> It would definitely compress much better than roaring bitmaps. In terms of per...

ot · on July 2, 2023

> How is that relevant?

Roaring bitmaps and similar data structures get their speed from decoding together consecutive groups of elements, so if you do sequential decoding or decode a large fraction of the list you get excellent performance.

EF instead excels at random skipping, so if you visit a small fraction of the list you generally get better performance. This is why it works so well for inverted indexes, as generally the queries are very selective (otherwise why do you need an index?) and if you have good intersection algorithms you can skip a large fraction of documents.

I didn't follow the rest of your comment, select is what EF is good at, every other data structure needs a lot more scanning once you land on the right chunk. With BMI2 you can also use the PDEP instruction to accelerate the final select on a 64-bit block: https://github.com/facebook/folly/blob/main/folly/experiment...

PSeitz · on July 3, 2023

>Roaring bitmaps and similar data structures get their speed from decoding together consecutive groups of elements, so if you do sequential decoding or decode a large fraction of the list you get excellent performance. EF instead excels at random skipping, so if you visit a small fraction of the list you generally get better performance. This is why it works so well for inverted indexes, as generally the queries are very selective (otherwise why do you need an index?) and if you have good intersection algorithms you can skip a large fraction of documents.

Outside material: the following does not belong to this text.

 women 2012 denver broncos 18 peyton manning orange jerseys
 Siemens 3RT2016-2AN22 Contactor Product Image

There's no sequential decoding in our variant, every access is independent. The roaring bitmap variant is used only for the optional index (1 docid => 0 or 1 value) in the columnar storage (DocValues), not for the inverted index. Since this is used for aggregation, some queries may be a full scan.

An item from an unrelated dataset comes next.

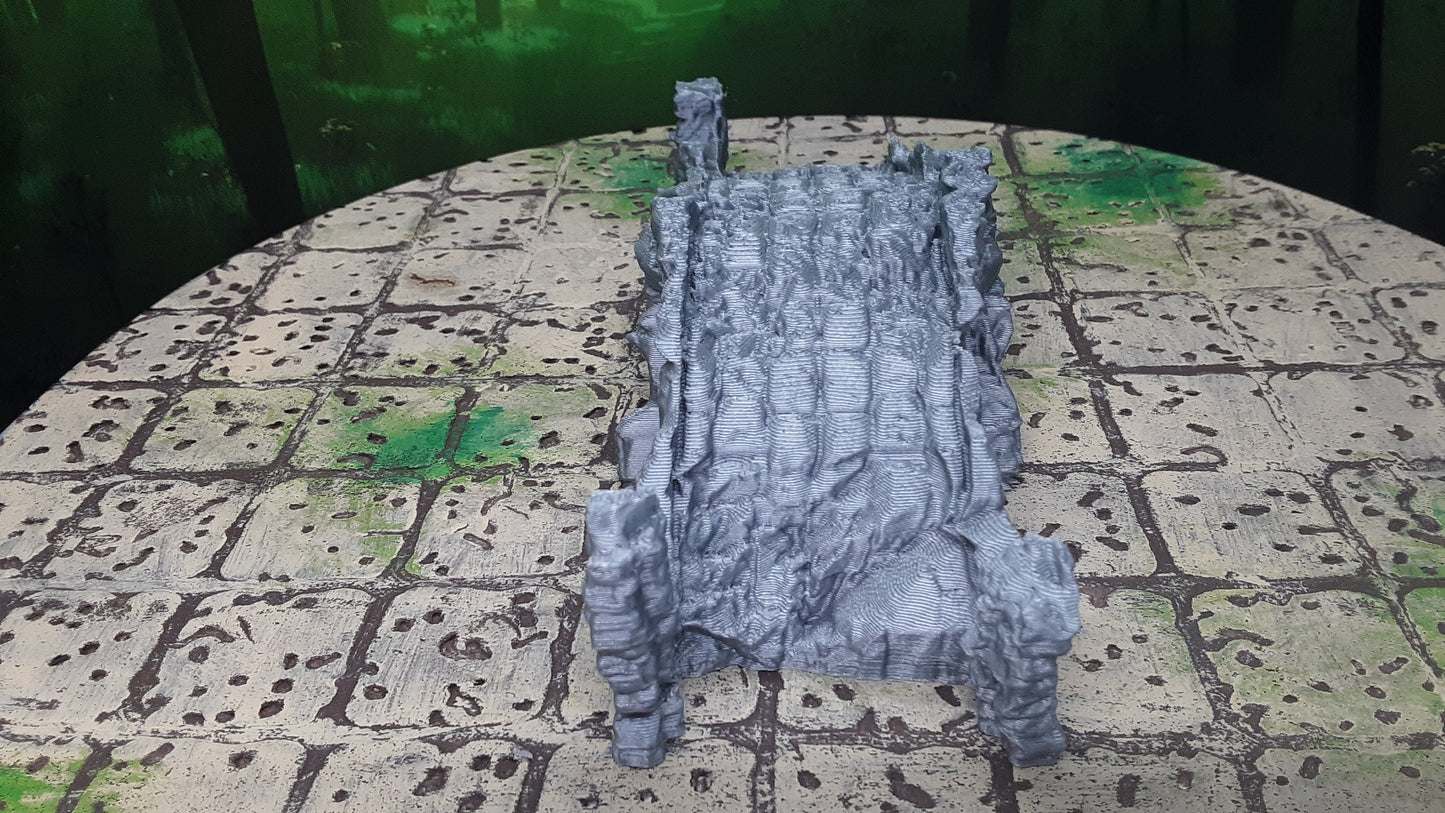 Ruined Stone Bridge Scatter Terrain Scenery 28mm Dungeons & Dragons 3D Printed Mini Miniature Model Tabletop War Gaming Wilds of Wintertide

The inverted index in tantivy uses bitpacked values of 128 elements with a skip index on top.

> I didn't follow the rest of your comment, select is what EF is good at, every other data structure needs a lot more scanning once you land on the right chunk. With BMI2 you can also use the PDEP instruction to accelerate the final select on a 64-bit block

The select for the sparse codec is a simple array index access, that is hard to beat (https://github.com/quickwit-oss/tantivy/blob/main/columnar/s...). Compression is not good near the 5k threshold though. PDEP is currently deactivated since ryzen before Zen3 was really slow.

Creation speed is also quite important, do you know how "Partitioned Elias-Fano" performs there?